> Work instruction
Leaving the pictures aside, repeat every line below exactly.

%%

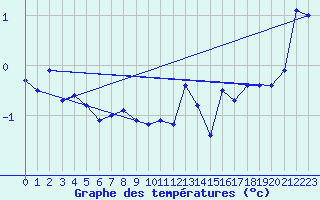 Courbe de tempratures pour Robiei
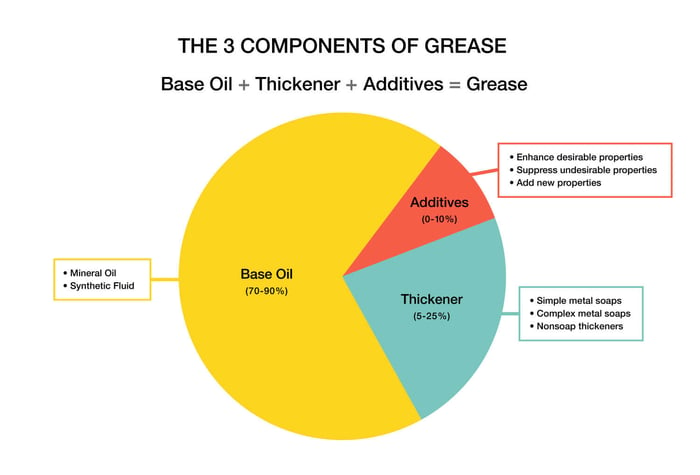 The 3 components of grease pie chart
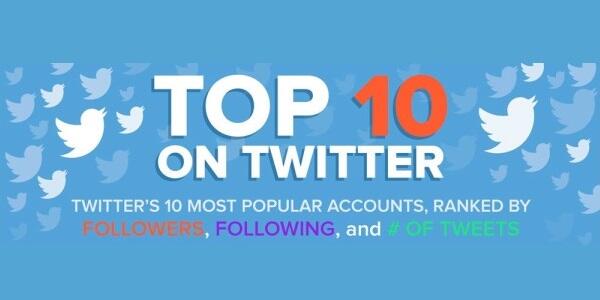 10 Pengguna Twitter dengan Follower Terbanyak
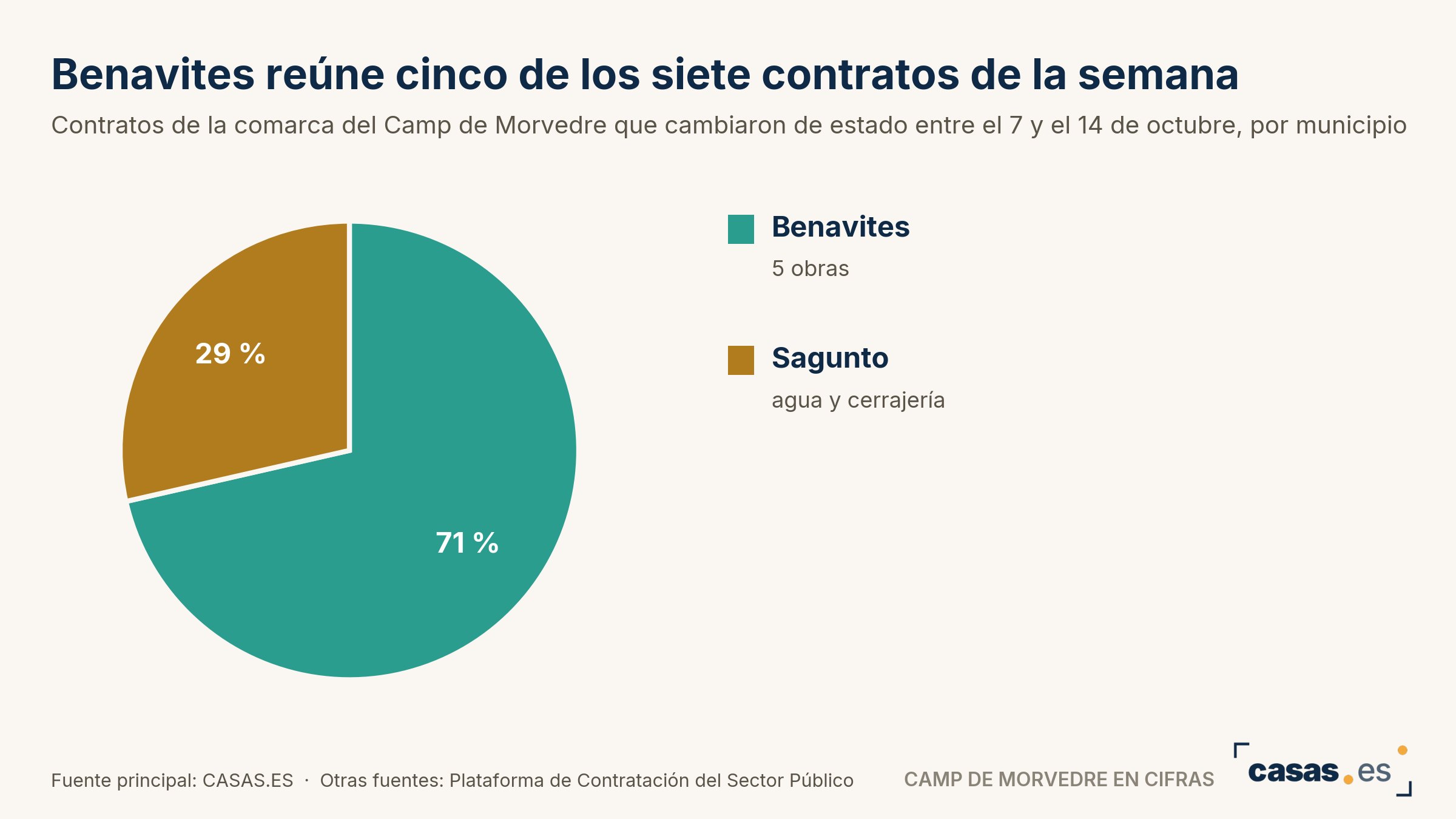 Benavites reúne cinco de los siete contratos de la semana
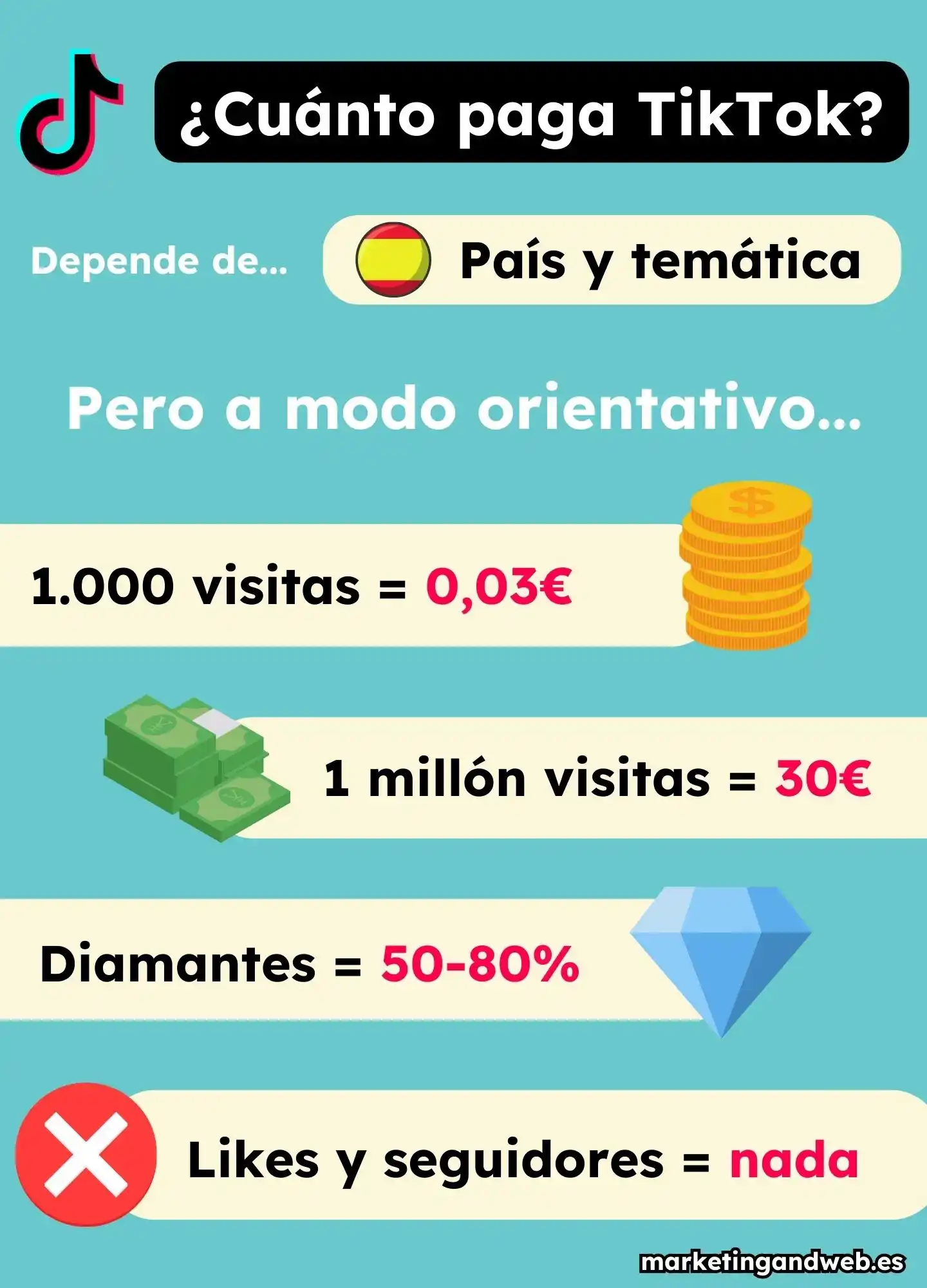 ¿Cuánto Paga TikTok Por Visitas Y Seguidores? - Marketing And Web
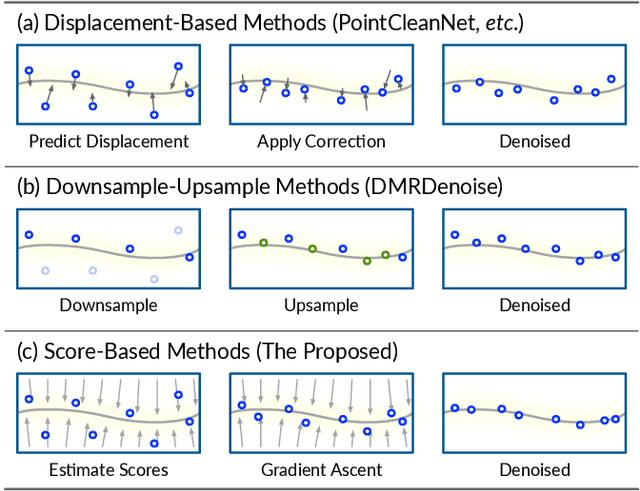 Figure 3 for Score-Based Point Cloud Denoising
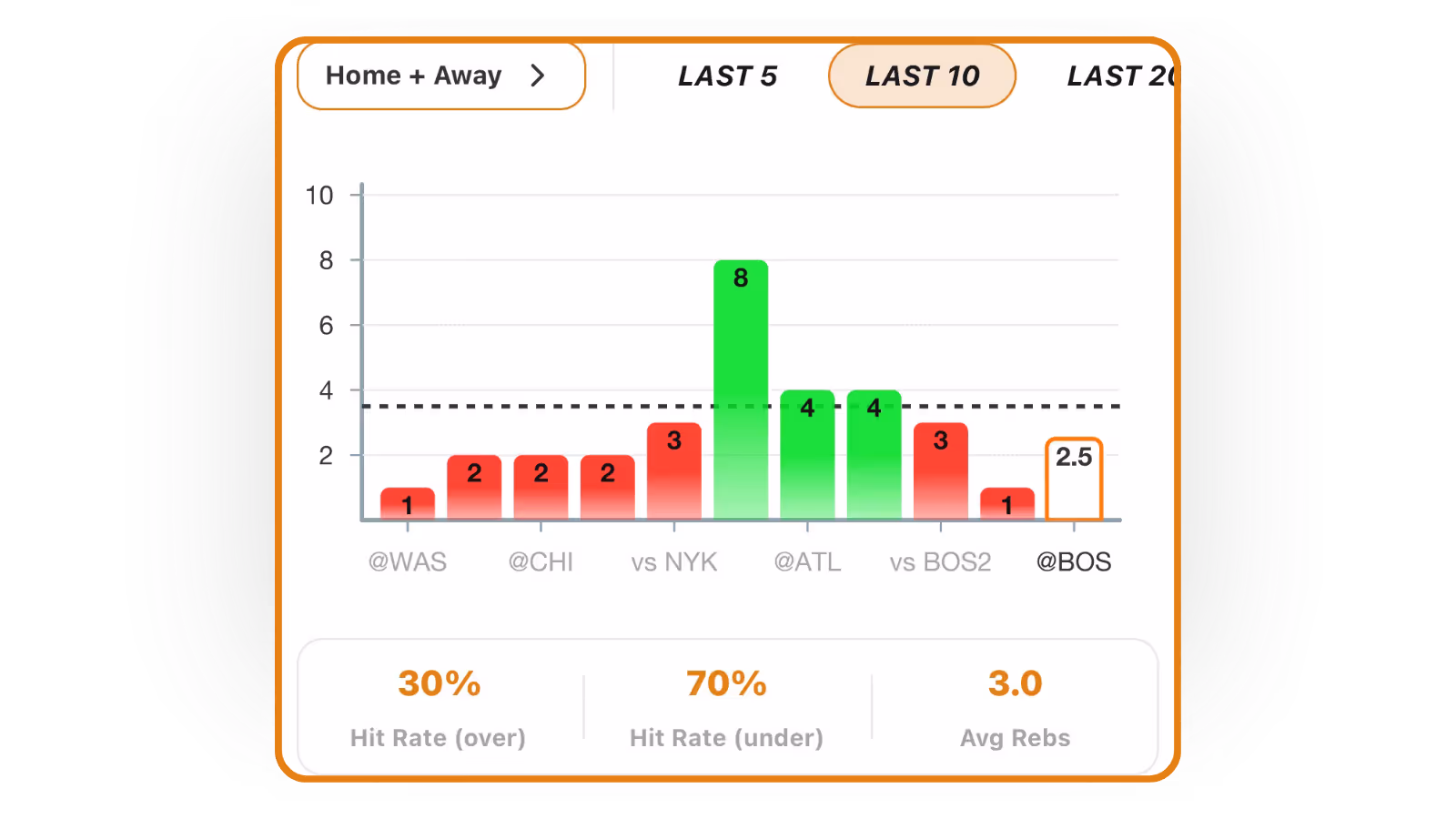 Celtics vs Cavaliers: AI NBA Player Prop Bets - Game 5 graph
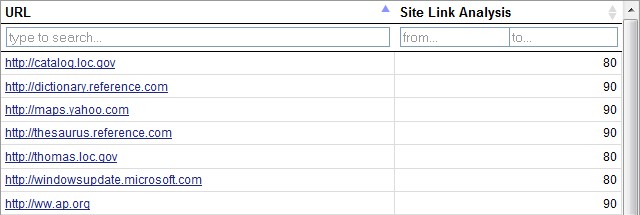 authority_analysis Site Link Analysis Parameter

%%

> Answer below
 Courbe de tempratures pour Robiei
 The 3 components of grease pie chart
 10 Pengguna Twitter dengan Follower Terbanyak
 Benavites reúne cinco de los siete contratos de la semana
 ¿Cuánto Paga TikTok Por Visitas Y Seguidores? - Marketing And Web
 Figure 3 for Score-Based Point Cloud Denoising
 Celtics vs Cavaliers: AI NBA Player Prop Bets - Game 5 graph
 authority_analysis Site Link Analysis Parameter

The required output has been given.